• ENTRIES PROVIDED
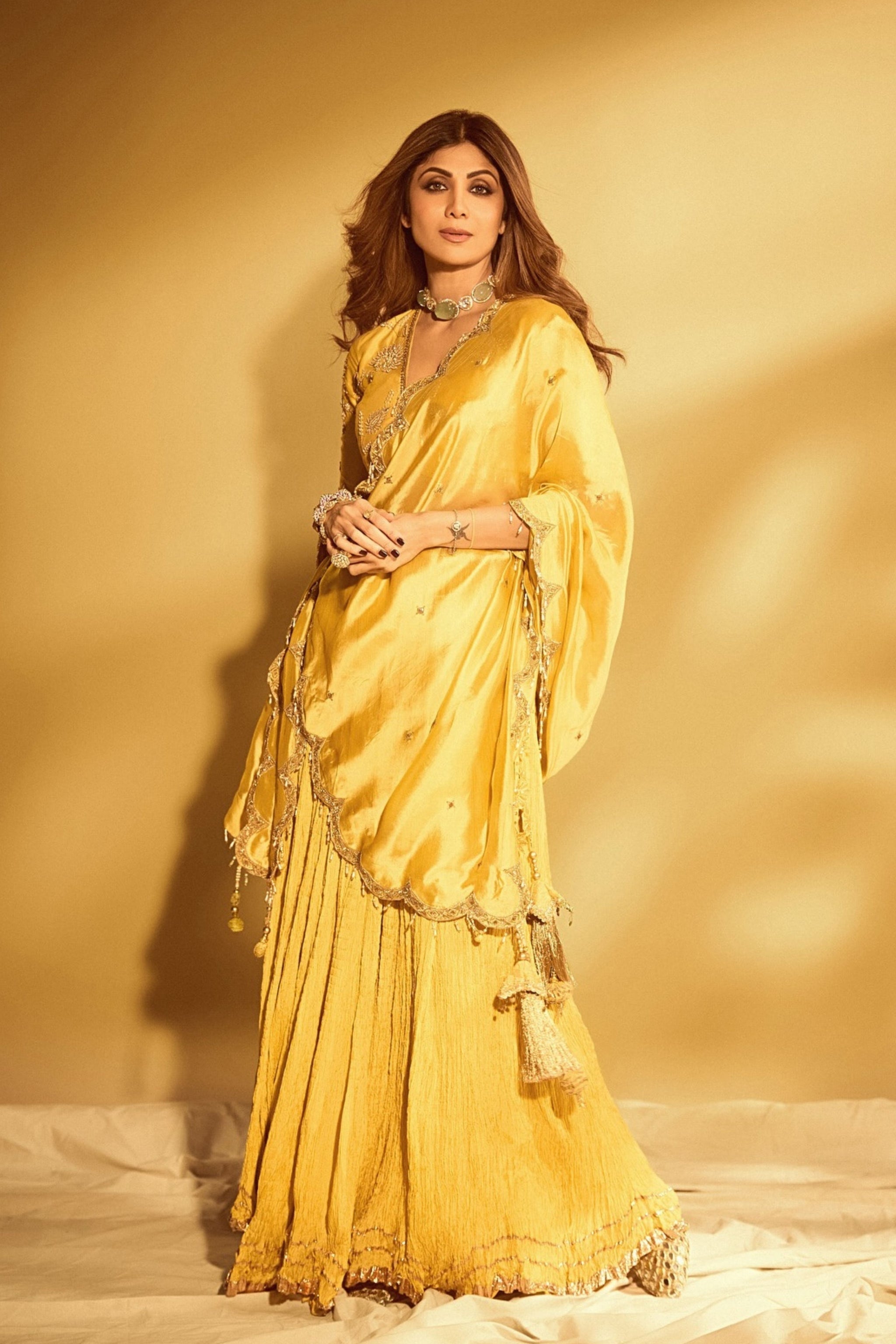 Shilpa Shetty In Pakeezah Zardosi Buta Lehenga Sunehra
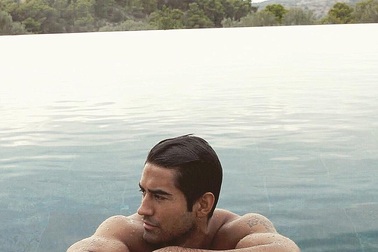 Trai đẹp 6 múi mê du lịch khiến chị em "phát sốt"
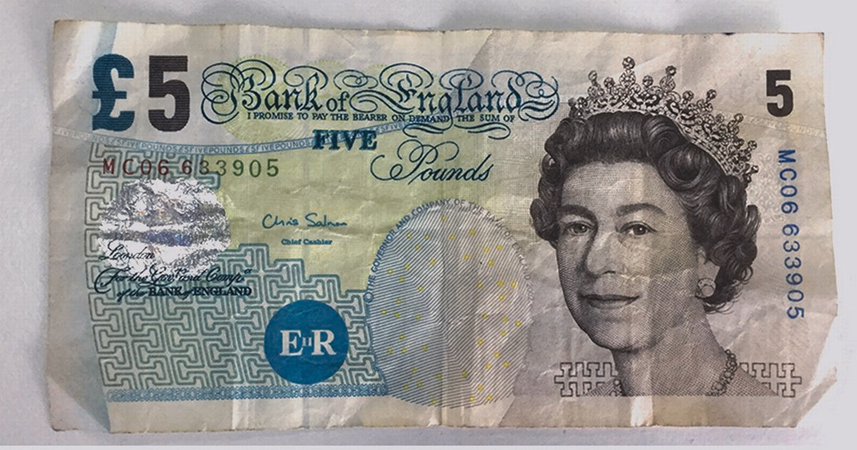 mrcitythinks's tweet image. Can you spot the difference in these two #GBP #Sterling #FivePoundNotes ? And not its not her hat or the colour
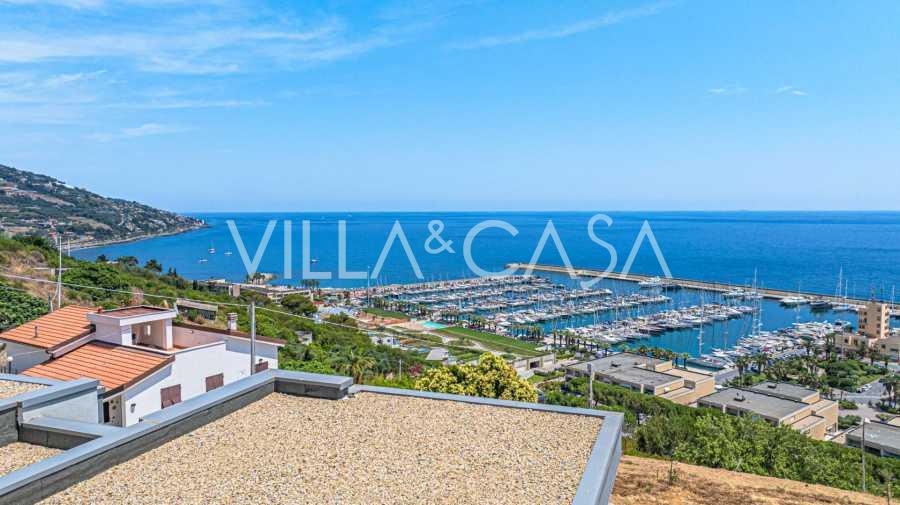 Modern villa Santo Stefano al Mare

==

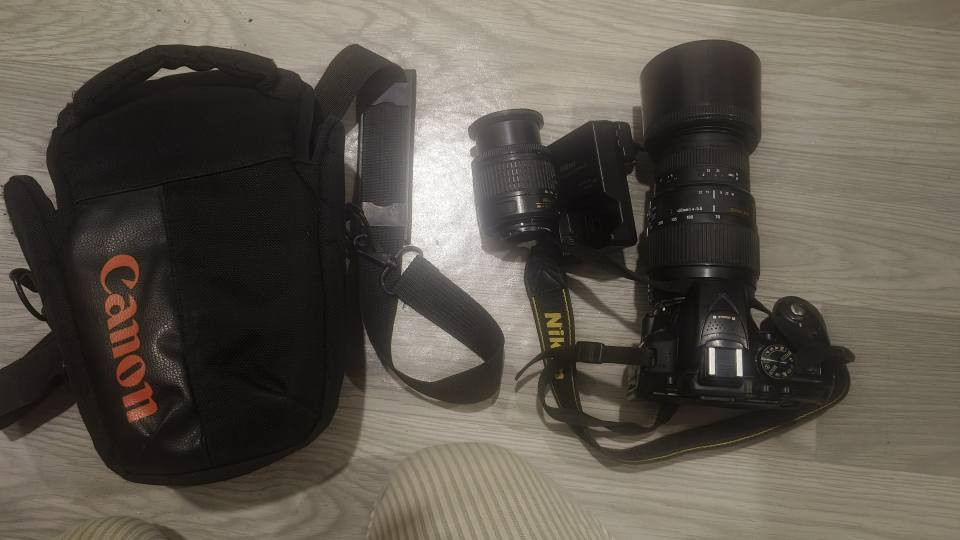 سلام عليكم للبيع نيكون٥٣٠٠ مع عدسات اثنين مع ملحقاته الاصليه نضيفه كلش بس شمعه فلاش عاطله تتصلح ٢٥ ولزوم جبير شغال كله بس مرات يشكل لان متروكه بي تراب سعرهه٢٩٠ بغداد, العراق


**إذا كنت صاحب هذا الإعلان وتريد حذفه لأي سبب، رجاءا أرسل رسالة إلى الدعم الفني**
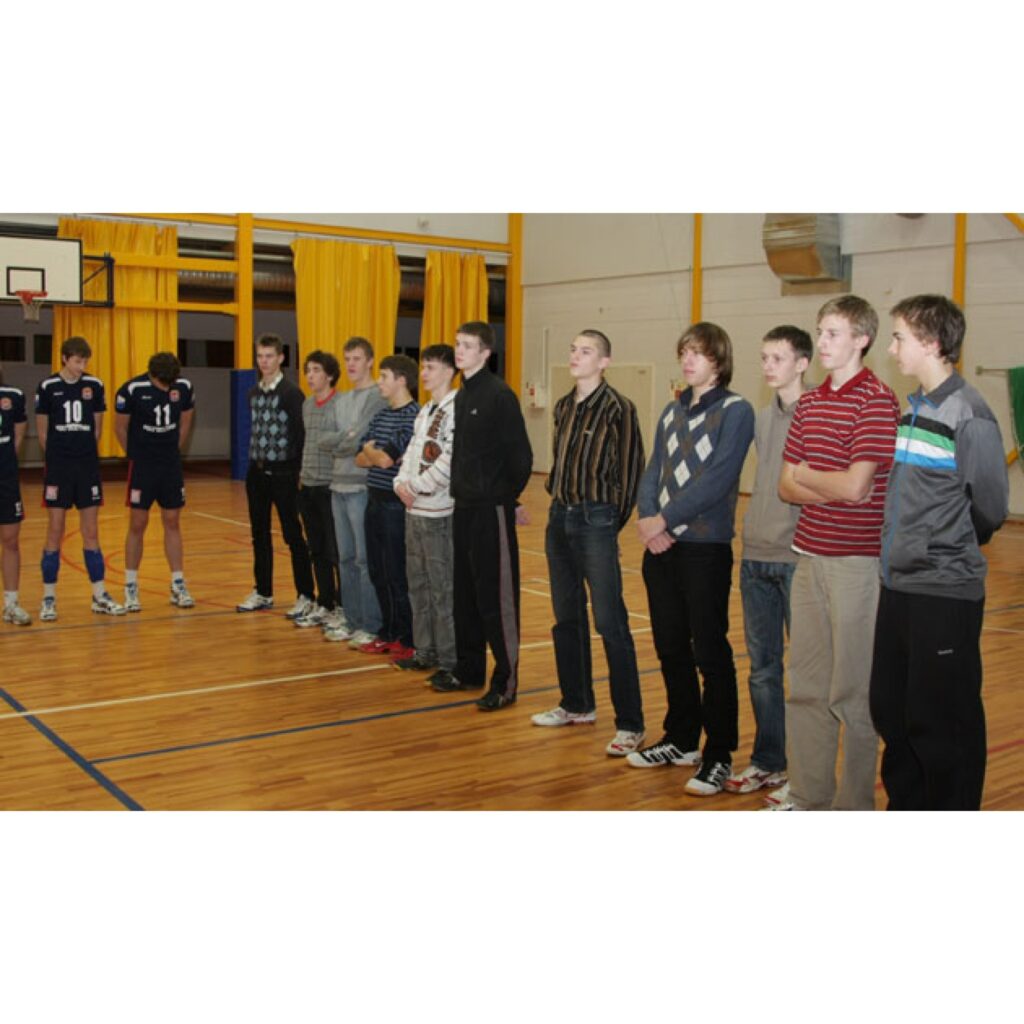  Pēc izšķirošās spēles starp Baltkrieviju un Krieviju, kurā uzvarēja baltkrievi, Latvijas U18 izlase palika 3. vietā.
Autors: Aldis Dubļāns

--

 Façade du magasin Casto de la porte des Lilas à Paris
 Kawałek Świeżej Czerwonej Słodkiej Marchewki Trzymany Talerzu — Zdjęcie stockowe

• EXERCISE REQUIREMENTS
Copy out exactly the material that runs from the line with "Pēc izšķirošās spēles" to the line with "Autors: Aldis Dubļāns", ends included, and leave the pictures behind.

• TASK RESPONSE
  Pēc izšķirošās spēles starp Baltkrieviju un Krieviju, kurā uzvarēja baltkrievi, Latvijas U18 izlase palika 3. vietā.
Autors: Aldis Dubļāns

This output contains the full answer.